* TASK DETAILS *
Make an exact copy of the records, leaving out the images.

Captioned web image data
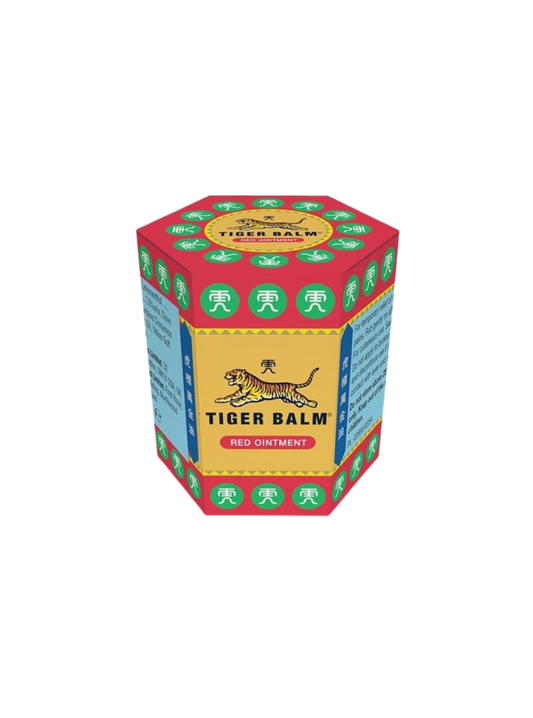Tiger Balm Red Ointment 19.4g – Fast-Acting Warming Pain Relief Balm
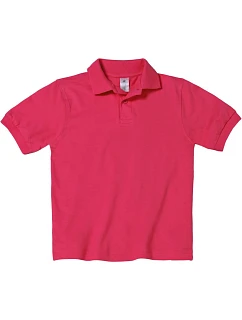 B&C /kids Dětské piqué polo fuchsia model 22484948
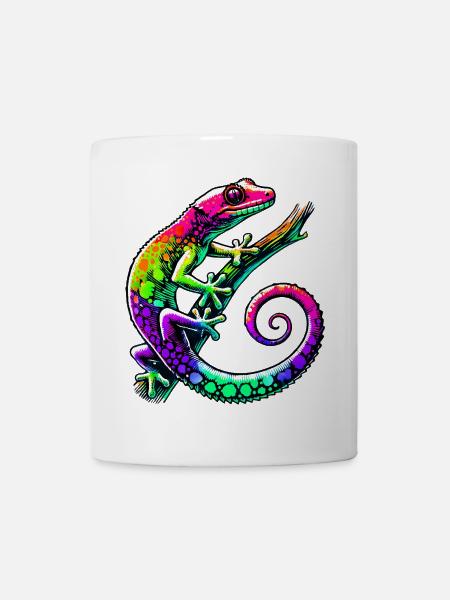 Gecko - Mug - white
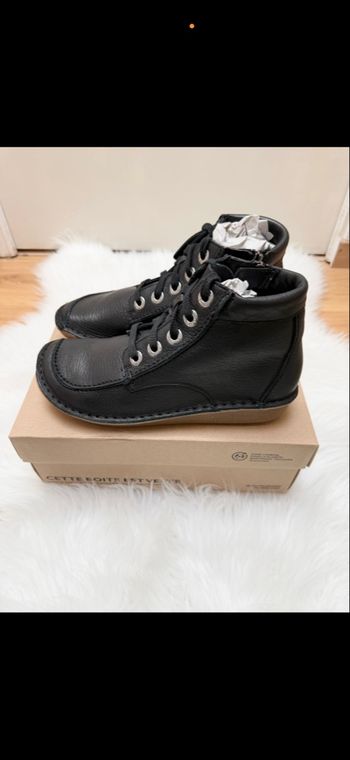 Bottines Funny Cedar - Clarks - Black - Taille 43 - Neuf avec étiquettes
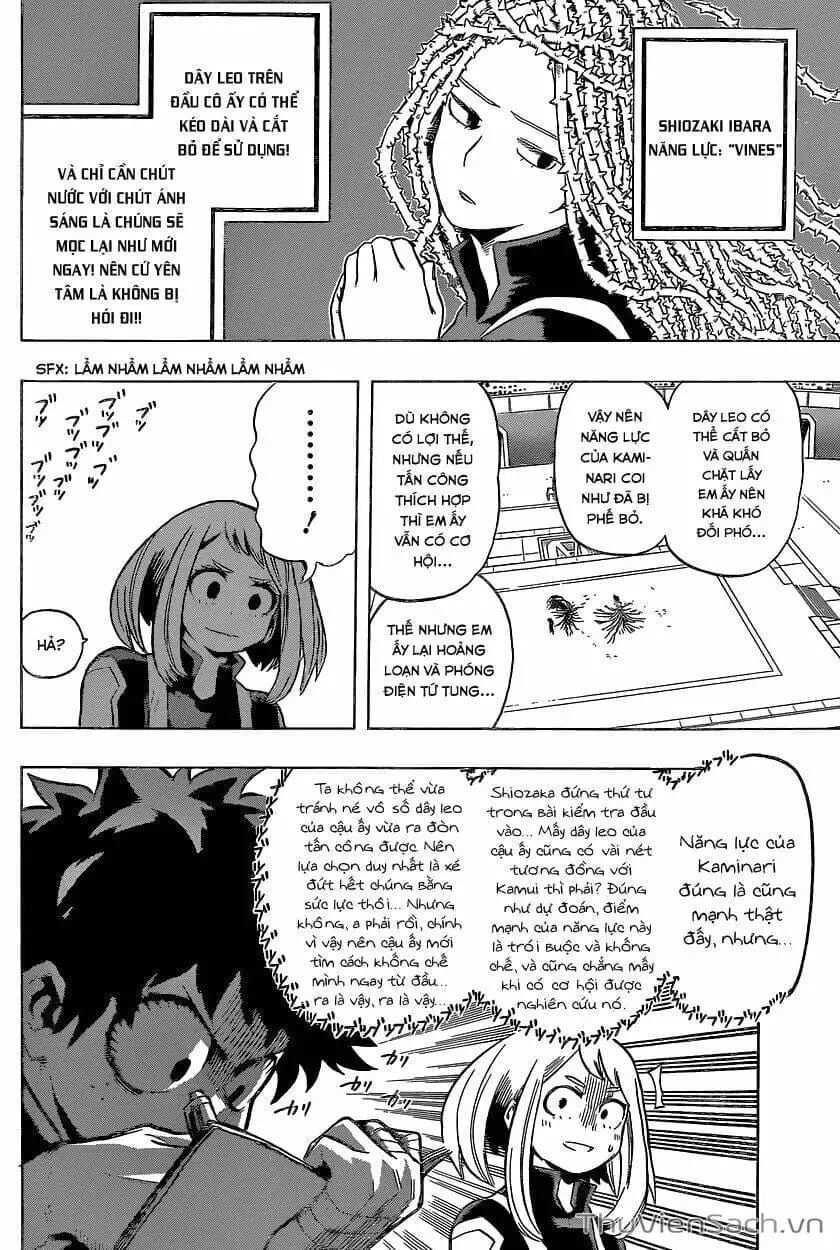 Truyện Tranh Học Viện Siêu Anh Hùng - My Hero Academia trang 5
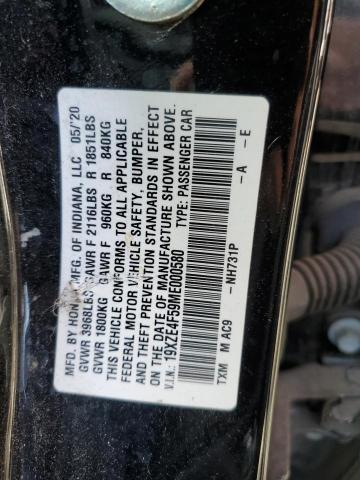 Photo 11 VIN: 19XZE4F59ME000580 - HONDA INSIGHT EX 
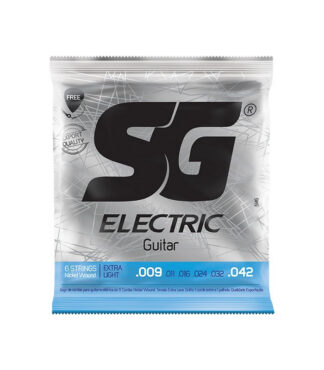 SG - 9-42 - struny do gitary elektrycznej + struna E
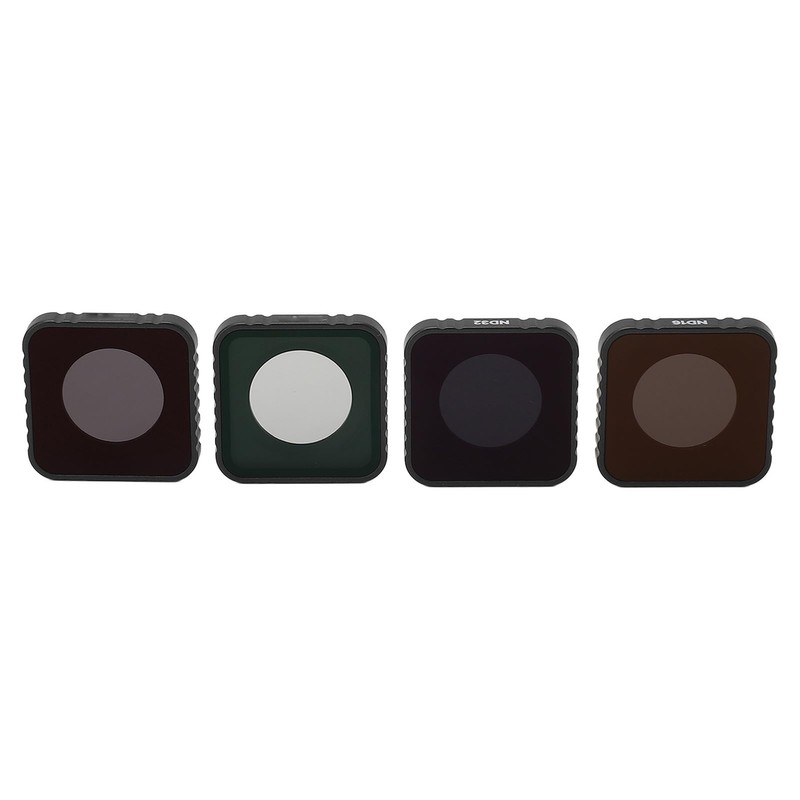 4 Pack ND8 ND16 ND32 CPL Lens Filter Kit for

* ANSWER *
Tiger Balm Red Ointment 19.4g – Fast-Acting Warming Pain Relief Balm
 B&C /kids Dětské piqué polo fuchsia model 22484948
 Gecko - Mug - white
 Bottines Funny Cedar - Clarks - Black - Taille 43 - Neuf avec étiquettes
 Truyện Tranh Học Viện Siêu Anh Hùng - My Hero Academia trang 5
 Photo 11 VIN: 19XZE4F59ME000580 - HONDA INSIGHT EX 
 SG - 9-42 - struny do gitary elektrycznej + struna E
 4 Pack ND8 ND16 ND32 CPL Lens Filter Kit for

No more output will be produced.